Here's to hoping that everyone had a happy day - no matter what you celebrate. Though a little jet-laggy (yes, I'm back across the Grand Bleu), am doing pretty well. The Frenchie seems in pretty good spirits as well. The weather's unseasonably warm, which makes the short days a little bit hard to bear sometimes; making it past the psychological hurdle of Solstice really helps, though.
For my first meal back (breakfast; it was a "red eye" flight), was treated to a special surprise: scrambled eggs with truffles. Am sad to admit, given how expensive real black truffles* are and all, that I really do love them. To preserve flavors and not overcook the eggs, he cooked them in a bain marie - that is, in a bowl within a saucepan of hot water. This turned out so well that we're going to keep up the practice for all our scrambled egg needs, be they with truffles, chives or what have you.
Scrambled Eggs of Champions - serves 2
4 large eggs
approx. 7-10 grams black truffle, finely chopped (this should be about a teaspoon to teaspoon and a half)
A bit of unsalted butter or neutral-flavored oil
Lightly grease or oil a heat-safe bowl.
Crack eggs into a bowl, scramble, add truffles, then transfer to your heat-safe bowl that's been gently heating up in a saucepan of water.

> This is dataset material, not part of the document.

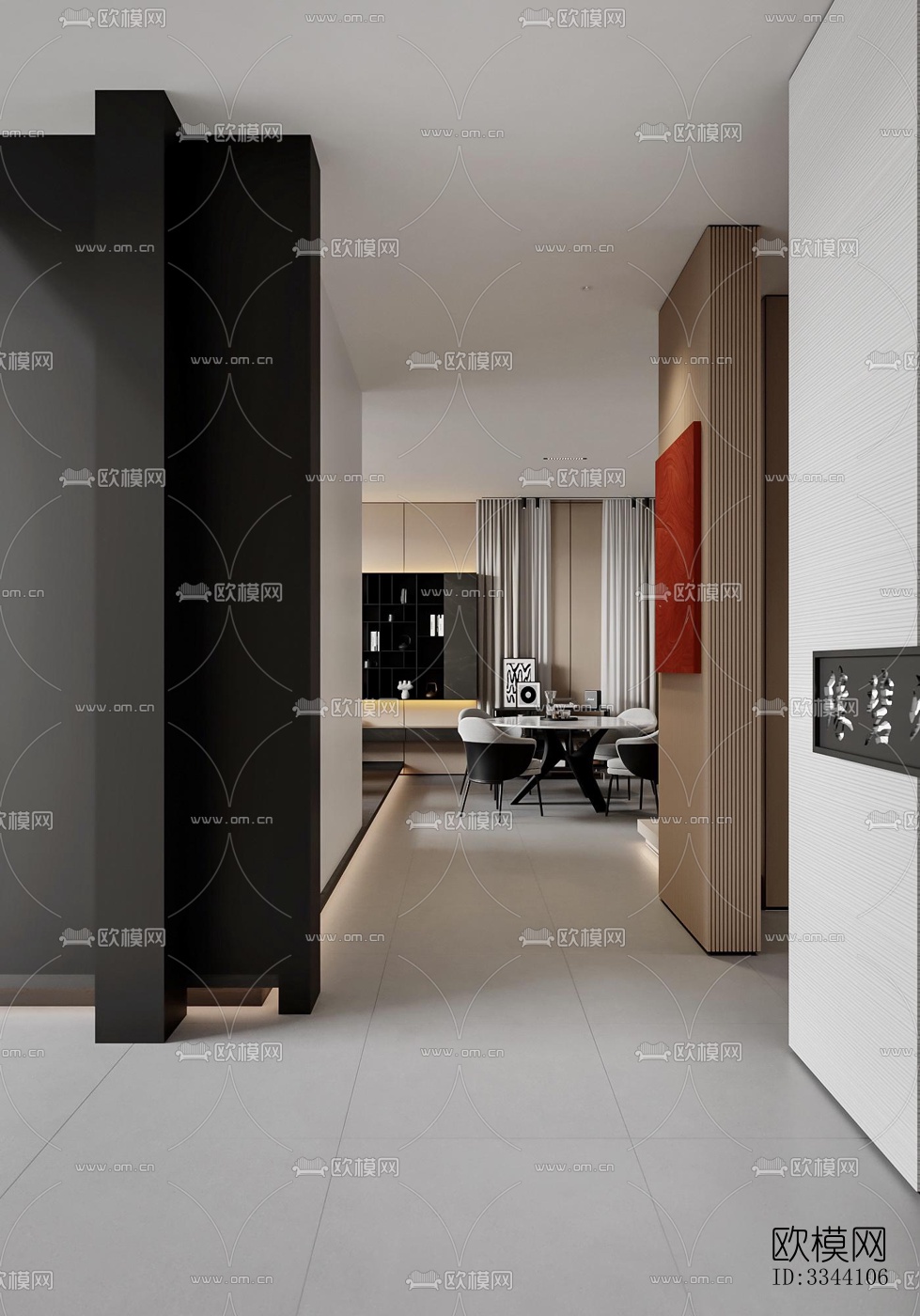 现代别墅效果图下载（渲染图12）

Keeping an eye on the heat (you want the water boiling, but not too violently), stir the egg mixture every minute or so until it sets.

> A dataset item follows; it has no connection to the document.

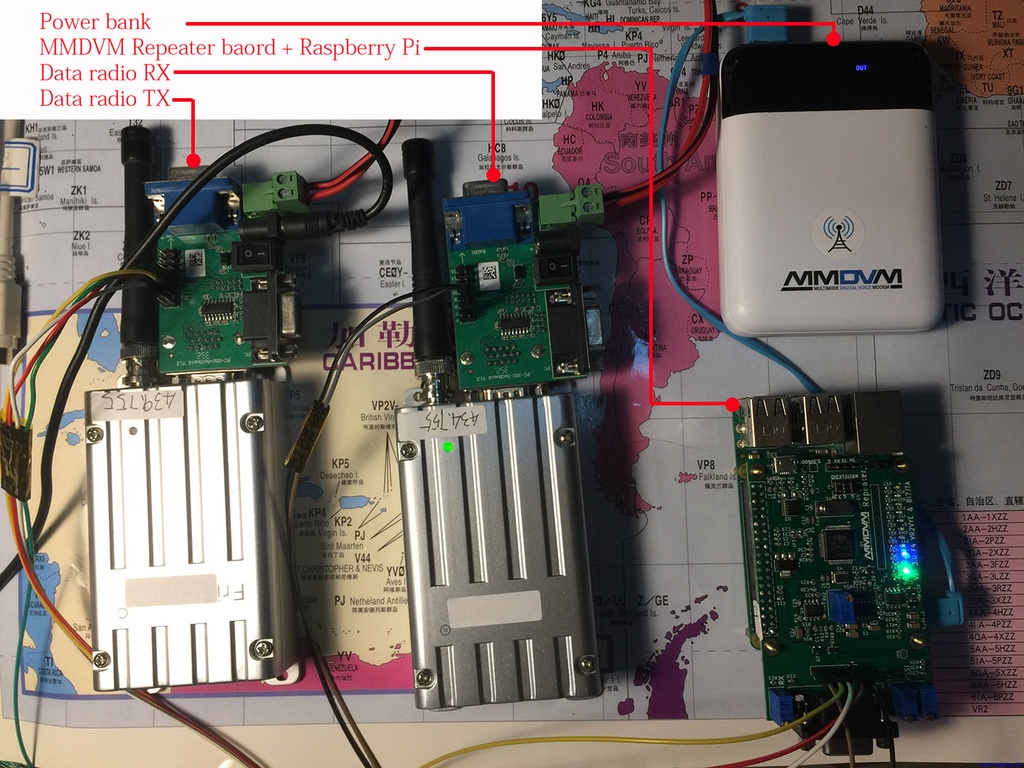 MMDVM repeater 5w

* Real black truffles from places that haven't been affected by Chernobyl, aren't white ones dyed black, or aren't otherwise adulterated (like soaked in oil, then resold) are very expensive - the going rate around here is about 1000-1200 euro/kg, I think. A small piece of about 25-30 grams is fairly reasonable and will work for three special breakfasts, or as we did, two special breakfasts and some very lucky olive oil. Also, truffle bits - what's left over after a traiteur or caterer's sliced one up as a garnish - taste just as good and cost a bit less.